▸ ABOUT THIS TASK: Could you repeat the records below exactly, without the pictures?

▸ DATA FOR ANALYSIS:
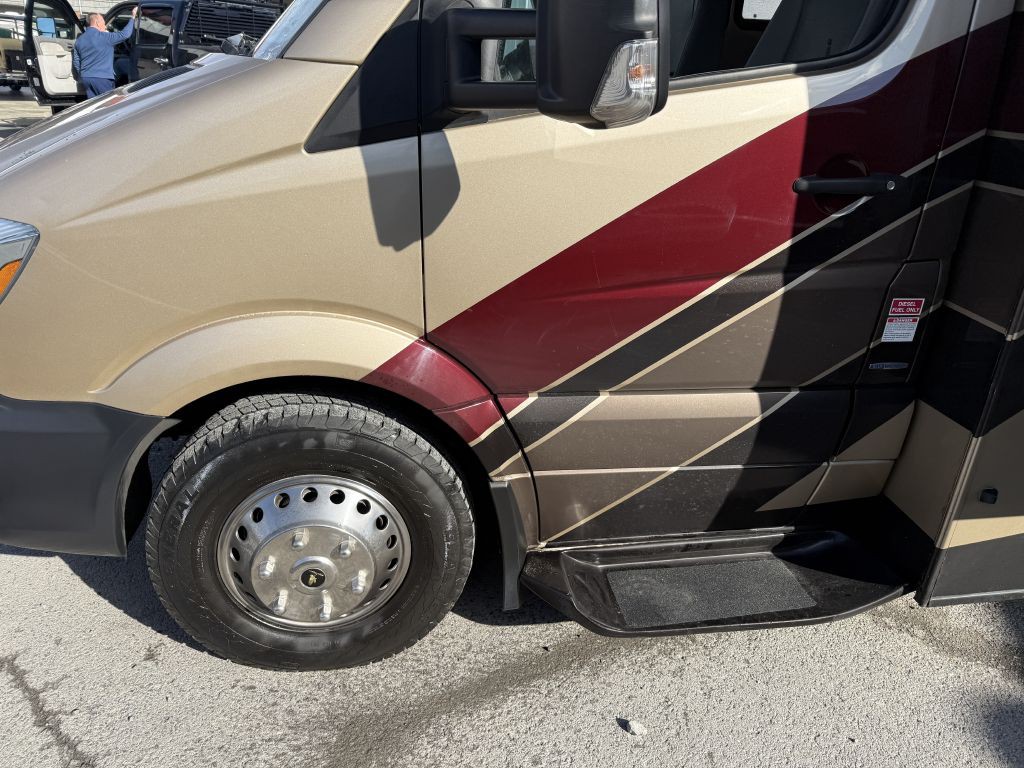 2017 Mercedes-Benz Sprinter Image 9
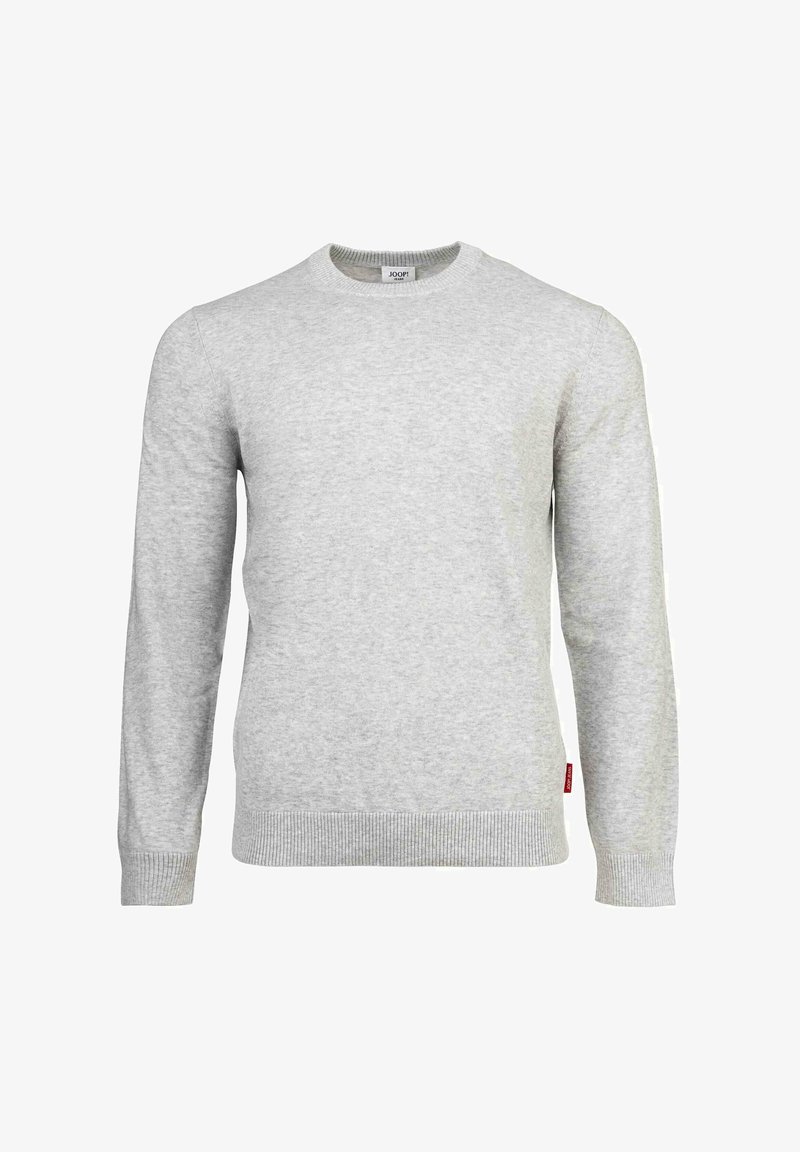 Maglione in cotone grigio chiaro con scollo rotondo, maniche lunghe, polsini e orlo a coste, caratterizzato da un piccolo etichetta rossa sul lato.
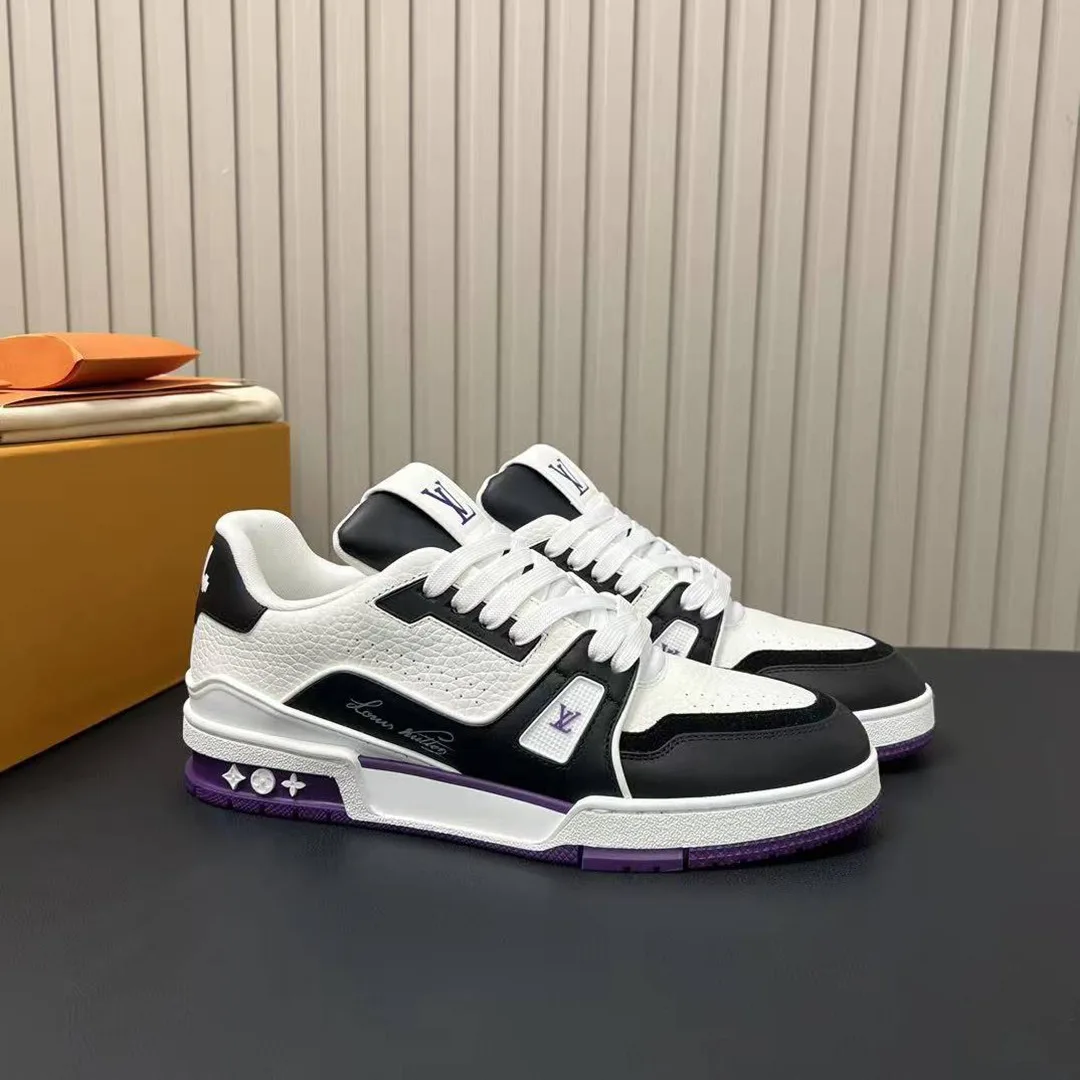 1ADDYC L.V Trainer Sneaker Grained Calf Leather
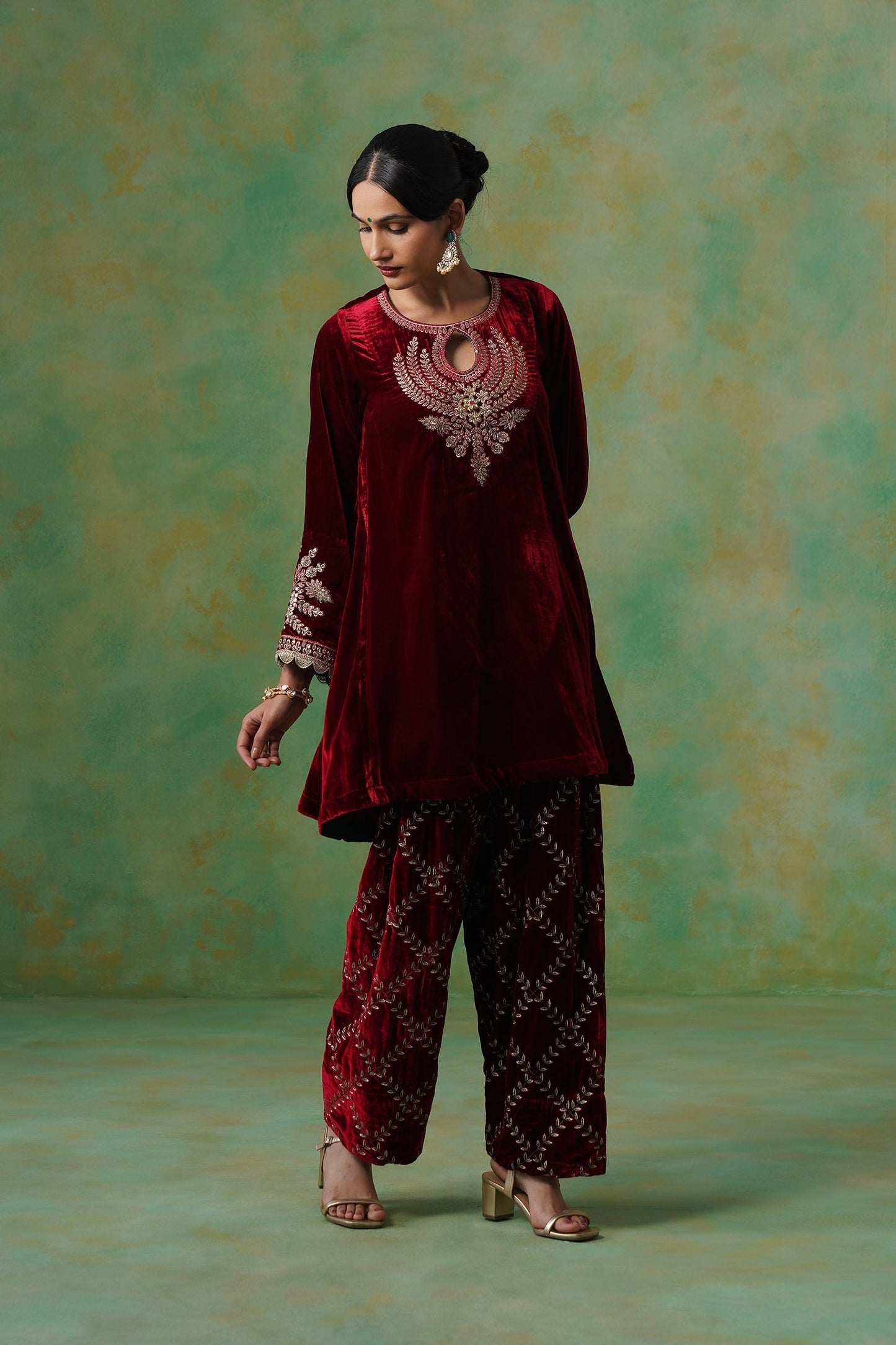 Kashvi Velvet Embroidered Suit Set - Neetika Chopra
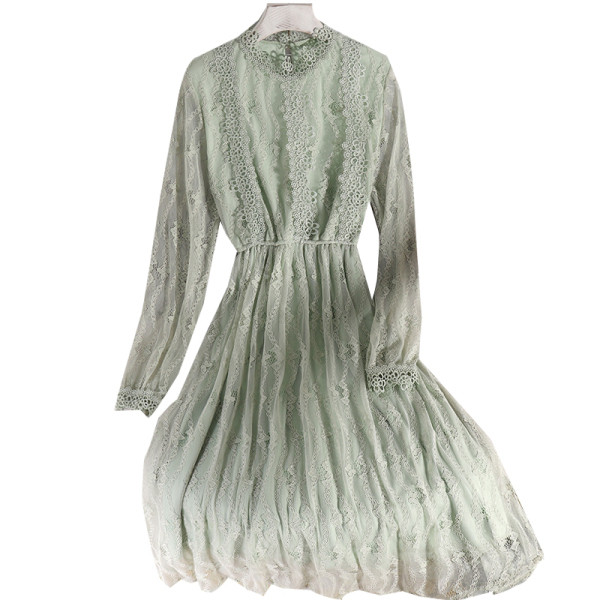 Stilīgs sieviešu kleitas piegriezuma modelis ar vidēja garuma un mežģīnēm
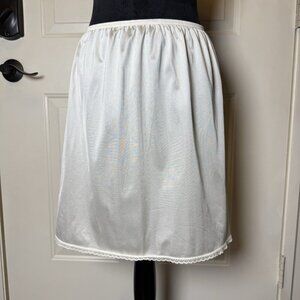 Vintage Vanity Fair Half Slip Size Large 18" 11-760 White Nylon USA Made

▸ SOLUTION TO THE PROBLEM:
 2017 Mercedes-Benz Sprinter Image 9
 Maglione in cotone grigio chiaro con scollo rotondo, maniche lunghe, polsini e orlo a coste, caratterizzato da un piccolo etichetta rossa sul lato.
 1ADDYC L.V Trainer Sneaker Grained Calf Leather
 Kashvi Velvet Embroidered Suit Set - Neetika Chopra
 Stilīgs sieviešu kleitas piegriezuma modelis ar vidēja garuma un mežģīnēm
 Vintage Vanity Fair Half Slip Size Large 18" 11-760 White Nylon USA Made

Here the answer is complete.